The man is Simon Cowell, late of “American Idol,” and an angry musician from the studio orchestra seized the opportunity to run onstage during the finale of “Britain’s Got Talent” and hurl five eggs at Cowell from the stage. The woman, Natalie Holt, had been a contestant in the past, and the assault was part revenge for her own group’s harsh treatment on the show last year, part vainglorious stunt to punish Cowell, she claimed, for his “influence,” and part stupidity. After the show, Holt apologized to the two finalists whose performance she marred, but not to her victim, saying: “I want to apologize to Richard and Adam for overshadowing their performance. I’ve never done anything like this before and in hindsight I have realized it was a silly thing to do.”
But to listen to the CNN pair, what Holt did wasn’t silly, but hilarious, and justified. Many contestants appearing before Cowell through the years wanted to do the same thing, they said (without any proof of this whatsoever), and it was clear that they thought Holt’s actions were laudable, even though it is a crime by any standard. Why? Oh, because Simon Cowell is mean, you see. He tells aspiring singers and other contestants that they sound terrible and are deluded when they in fact do sound terrible and are deluded. His bluntness and lack of sympathy for amateur performers seeking to inflict themselves on a popular culture already choking on dubious professional talents has spawned many imitators on reality TV, man of whom really are just mean, and who have nothing to offer but entertaining (to some) nastiness. That, however, is not Cowell’s fault. Any more than it is Walter Cronkite’s fault that CNN is stuffed with awful news anchors from dawn til dusk.
Simon Cowell, except for some inevitable lapses which I have often flagged, is not mean. What is mean, in fact cruel, is to encourage talentless exhibitionists who reach these televised contests because tin-eared friends and relatives have deceived them for years by telling them how wonderful they are. Better that their hopes be definitively shattered by an industry pro telling them that the sound like a cat being tortured than to have them waste years in pursuit of a career they are unqualified for in every way, as they rupture eardrums of the innocent in the process. Mild and “kind” judging is also boring—witness judge Mariah Carey’s mealy-mouthed platitudes that passed for critiques on the miserable season of the Cowell-less “American Idol” this season—and it doesn’t do the job: without sharp and pointed criticism, these performer and panel shows fail to separate the truly talented from the hacks. Cowell, unlike any CNN morning anchor for about a decade, is very good at his job.

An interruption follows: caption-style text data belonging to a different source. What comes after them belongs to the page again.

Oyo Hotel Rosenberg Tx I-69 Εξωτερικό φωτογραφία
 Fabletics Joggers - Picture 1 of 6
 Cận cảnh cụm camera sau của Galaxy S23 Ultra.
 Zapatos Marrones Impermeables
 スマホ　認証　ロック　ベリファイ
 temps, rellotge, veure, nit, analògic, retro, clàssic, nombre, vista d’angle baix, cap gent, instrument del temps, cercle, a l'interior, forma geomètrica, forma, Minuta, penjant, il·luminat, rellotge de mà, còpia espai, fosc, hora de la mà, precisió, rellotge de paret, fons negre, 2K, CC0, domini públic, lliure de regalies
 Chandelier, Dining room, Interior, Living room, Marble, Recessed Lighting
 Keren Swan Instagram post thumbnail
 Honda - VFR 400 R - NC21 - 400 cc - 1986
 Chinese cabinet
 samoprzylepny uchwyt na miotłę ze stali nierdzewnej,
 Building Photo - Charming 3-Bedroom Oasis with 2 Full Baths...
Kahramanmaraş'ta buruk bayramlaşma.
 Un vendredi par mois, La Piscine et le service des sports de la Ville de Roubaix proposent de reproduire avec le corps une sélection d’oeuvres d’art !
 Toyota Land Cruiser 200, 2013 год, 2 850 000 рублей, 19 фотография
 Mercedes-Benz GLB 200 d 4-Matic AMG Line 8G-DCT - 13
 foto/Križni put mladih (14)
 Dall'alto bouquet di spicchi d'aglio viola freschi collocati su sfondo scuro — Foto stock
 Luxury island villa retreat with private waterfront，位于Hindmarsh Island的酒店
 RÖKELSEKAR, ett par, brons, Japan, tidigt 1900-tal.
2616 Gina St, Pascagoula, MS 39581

I understand why Cowell, who knows good publicity opportunities when he sees them, isn’t pressing charges against Holt, but it is still a mistake. She will undoubtedly manage to cash in on her misconduct, and thanks to fools like Berman and Romans, others will see an opportunity for cheap celebrity, and take their chances attacking real celebrities on live shows, hoping that they too are praised for it. Except that the next generation of Holts may have rocks, bowling balls or flame throwers instead of eggs, and somebody will get hurt.
The Romans and Berman aren’t the only culprits here: read the account in Entertainment Weekly, for example. Nonetheless, I might be tempted to silently cheer if a nauseated viewer slipped through CNN security and egged them on camera. It would be wrong, but at least they would be slimed for being incompetent at their jobs, in stark contrast with Simon Cowell.